# Help..with steam valves



## jk1169 (Jun 29, 2009)

We are doing some plumbing in a 100yr house. The owner asked if we could replace the radiator valves (28 of them). I can't find them anywhere. The name we got off of them is Webster. 90% of the piping in the house is brass as well.

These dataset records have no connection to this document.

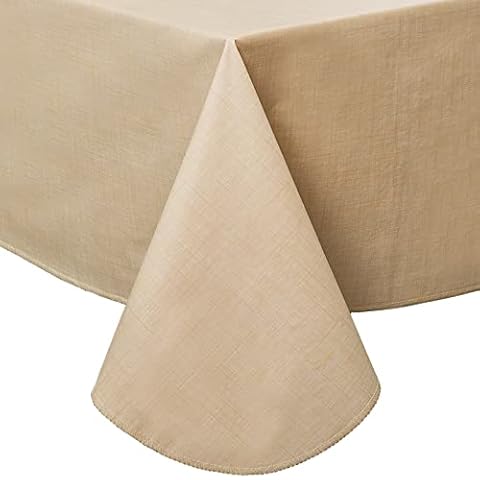 LIBERECOO Vinyl Tablecloth with Flannel Backing Solid Color Champagne Table Cloth 60x60 Inch Square, Stain-Resistant Table Cover for Home Dining and Outdoor Cover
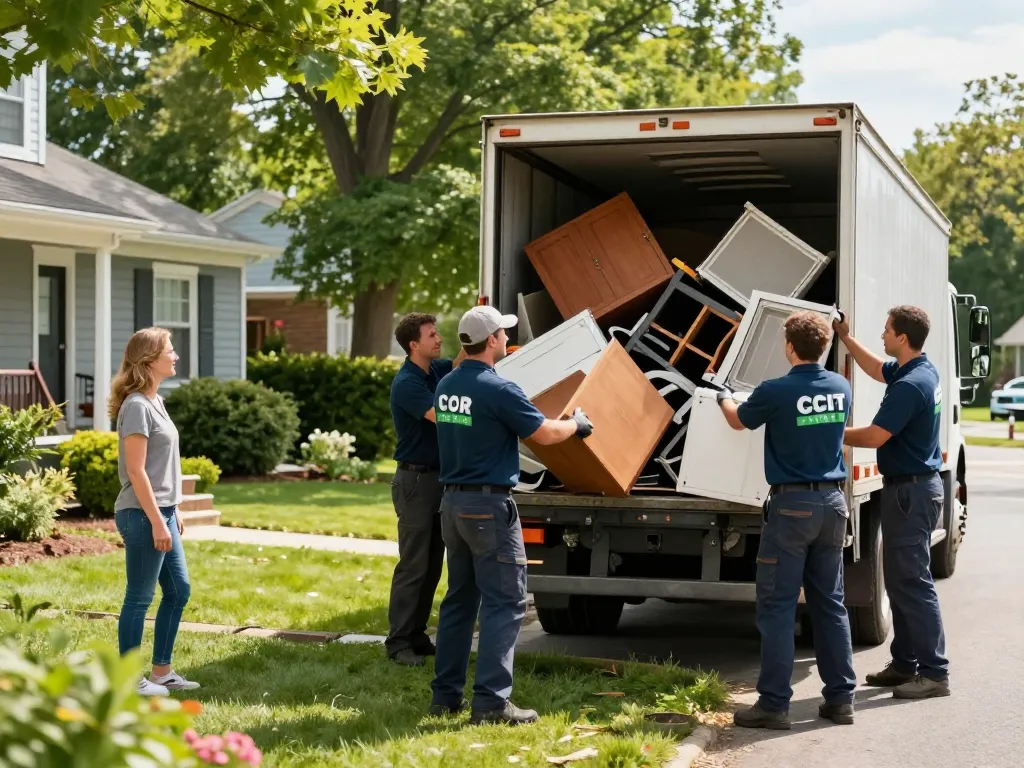 Efficient junk removal team loading discarded items into a truck during JUNK REMOVAL BERGEN COUNTY, showcasing eco-friendly practices.
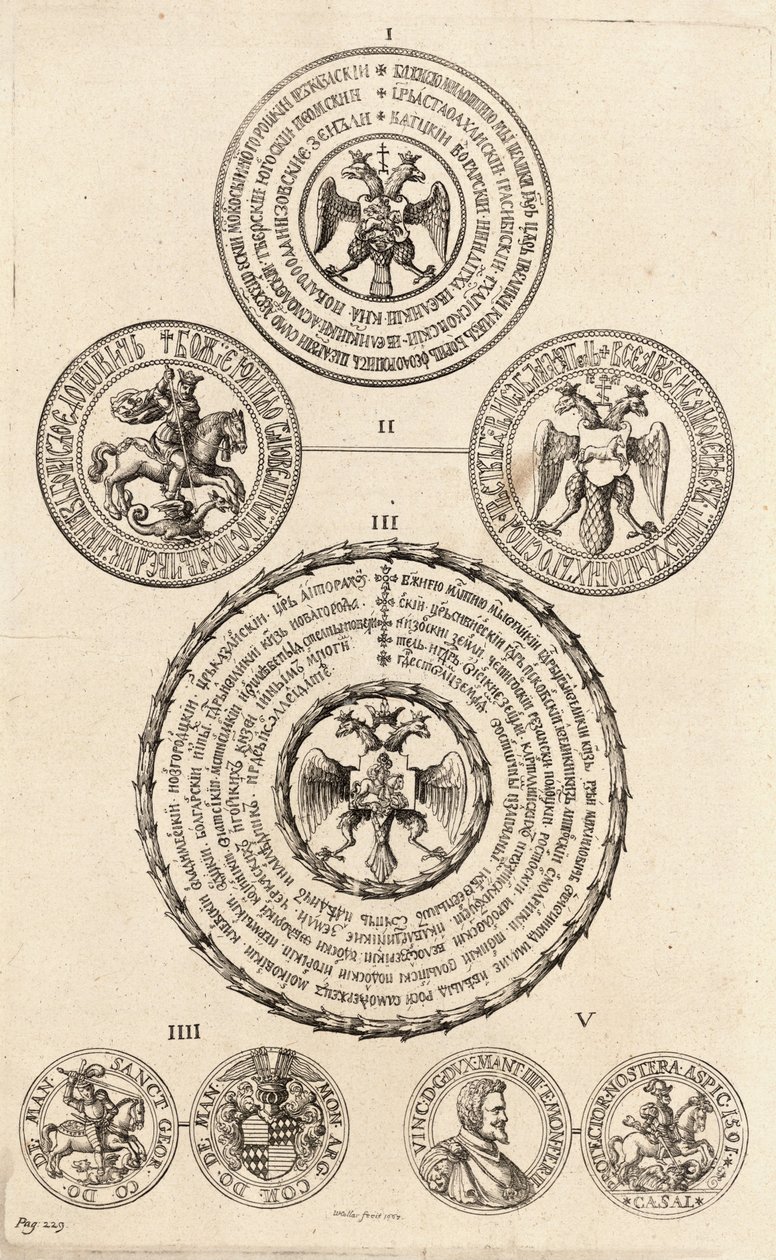 Tři ruské pečetě a dvě medaile. Stav 2 od Wenceslaus Hollar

If anyone could help or steer me in the right direction, I would be greatful.


----------



## OldSchool (Jan 30, 2010)

Dahl makes rads valves like that


----------



## ZL700 (Dec 8, 2009)

Water or Steam?
American Valve is a favorite rad valve for distributors
http://www.americanvalve.com/pdf/bronze.pdf
Page 24 & 25

*Maybe time to consider TRV's (Thermistatic Radiator Valves), made by Danfoss, Macon, Taco and Honeywell-Braukman.*

Depends on system and piping wheter you can apply them or not


----------



## Airgap (Dec 18, 2008)

These are good valves for steam.

http://www.americansteamcontrol.com/index.html


----------



## OldSchool (Jan 30, 2010)

I like your Avatar AirGap


----------



## Airgap (Dec 18, 2008)

OldSchool said:


> I like your Avatar AirGap


Yeah , I got a pretty good deal on it....:thumbsup:


----------



## nyckosova (Jan 23, 2011)

all the steam valves i have used are made by ever flow i think they work fine that looks like a straight valve


----------



## Tommy plumber (Feb 19, 2010)

nyckosova said:


> all the steam valves i have used are made by ever flow i think they work fine that looks like a straight valve


 


Please post an intro. It's required here at the Plumbing Zone.


----------